---------- Source records ----------
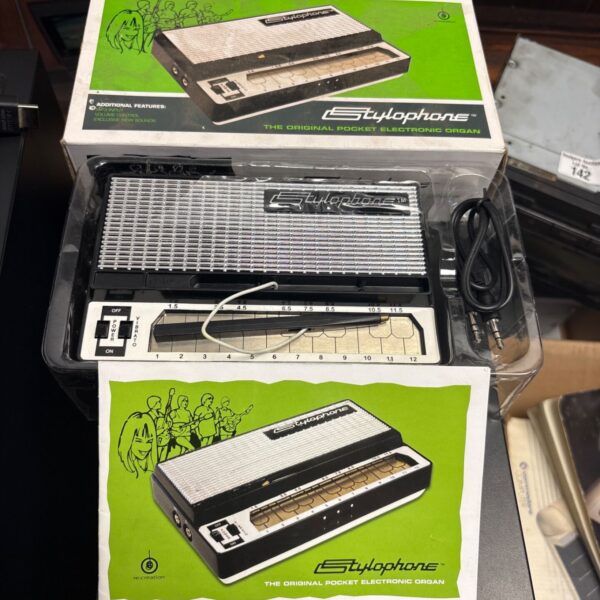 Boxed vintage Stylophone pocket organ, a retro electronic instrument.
----------
---------- Source records ----------
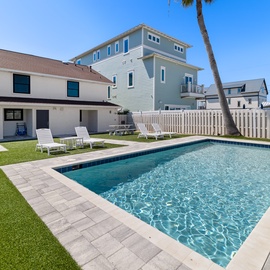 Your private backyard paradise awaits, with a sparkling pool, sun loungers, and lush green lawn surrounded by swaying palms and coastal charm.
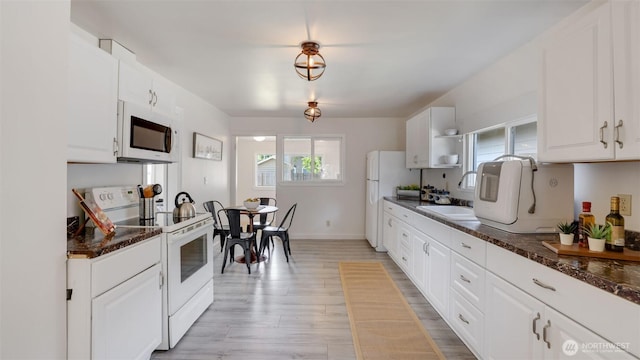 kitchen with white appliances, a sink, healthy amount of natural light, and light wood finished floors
----------
---------- Source records ----------
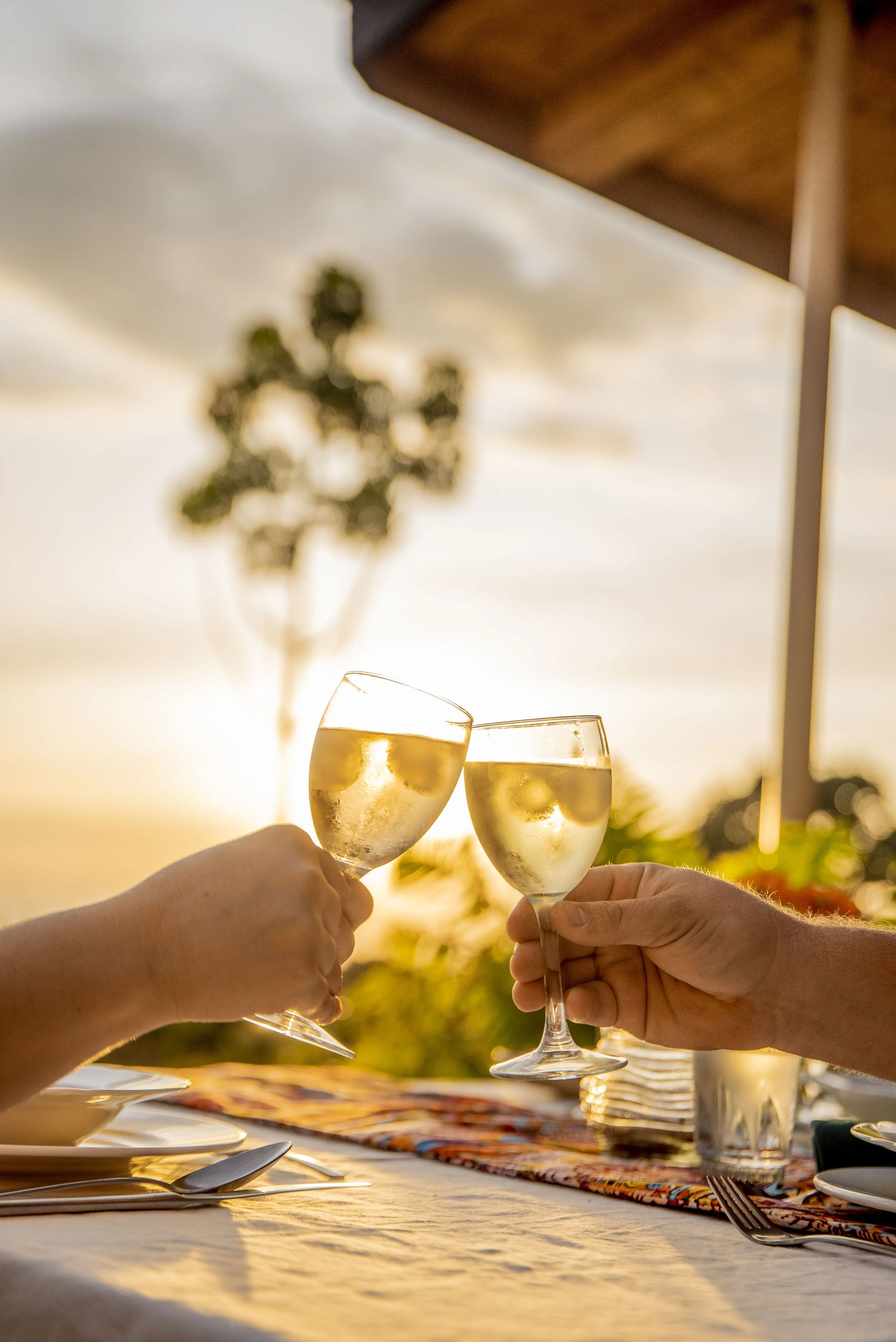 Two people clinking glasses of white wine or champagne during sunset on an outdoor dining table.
----------
Exercise goal
In the data above, start at the line holding "Your private backyard" and stop after the line holding "kitchen with white"; write out those lines exactly, without pictures.

Answer to this task
 Your private backyard paradise awaits, with a sparkling pool, sun loungers, and lush green lawn surrounded by swaying palms and coastal charm.
 kitchen with white appliances, a sink, healthy amount of natural light, and light wood finished floors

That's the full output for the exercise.